SUPERIOR COURT OF PENNSYLVANIA


filed: July 21, 1987.

E. NEWBOLD SMITH, MARGARET DUPONT SMITH, STOCKTON N. SMITH, ELEUTHERA S. GRASSI AND HENRY B. DUPONT SMITH
v.
LEWIS DUPONT SMITH, APPELLANT

Appeal from the Order Entered on July 23, 1986, in the Court of Common Pleas of Chester County, Orphans' Court Division, No. 1985-0412.

COUNSEL

James B. Crummett, Philadelphia, for appellant.

Leonard Dubin, Philadelphia, for appellees.

Cirillo, President Judge,*fn* and Beck and Hester, JJ. Beck, J., filed a concurring opinion.

Author: Hester

[ 365 Pa. Super. Page 197]

This is an appeal by an adjudicated incompetent from a final order. The trial court found appellant to be incompetent due to mental illness, making him liable to dissipate his assets and become the victim of designing persons. The trial court appointed a financial institution as guardian of appellant's estate. We affirm.

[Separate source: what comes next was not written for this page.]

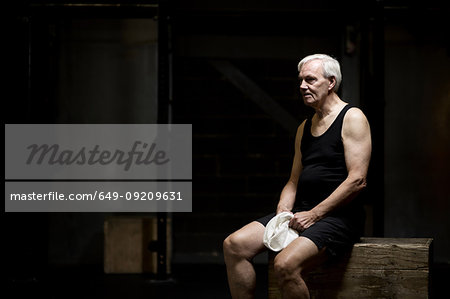 Senior man sitting resting in dark crossfit gym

On April 11, 1985, appellees, who are parents and siblings of appellant, filed an ex parte petition for a preliminary

[ 365 Pa. Super. Page 198]

    injunction in the Orphans' Court Division of the Chester County Court of Common Pleas, requesting that appellant be restrained from transferring any of his substantial assets to organizations affiliated with Lyndon LaRouche. At the same time, appellees filed a petition requesting an adjudication of incompetency and the appointment of a guardian of the estate of the incompetent.

On November 12, 1985, following several evidentiary hearings, the trial court found that appellant, by reason of mental illness, was unable to manage his property or was liable to dissipate it or become the victim of designing persons. The trial court issued an adjudication and decree nisi finding appellant incompetent which became a final order on July 23, 1986, after the denial of appellant's exceptions.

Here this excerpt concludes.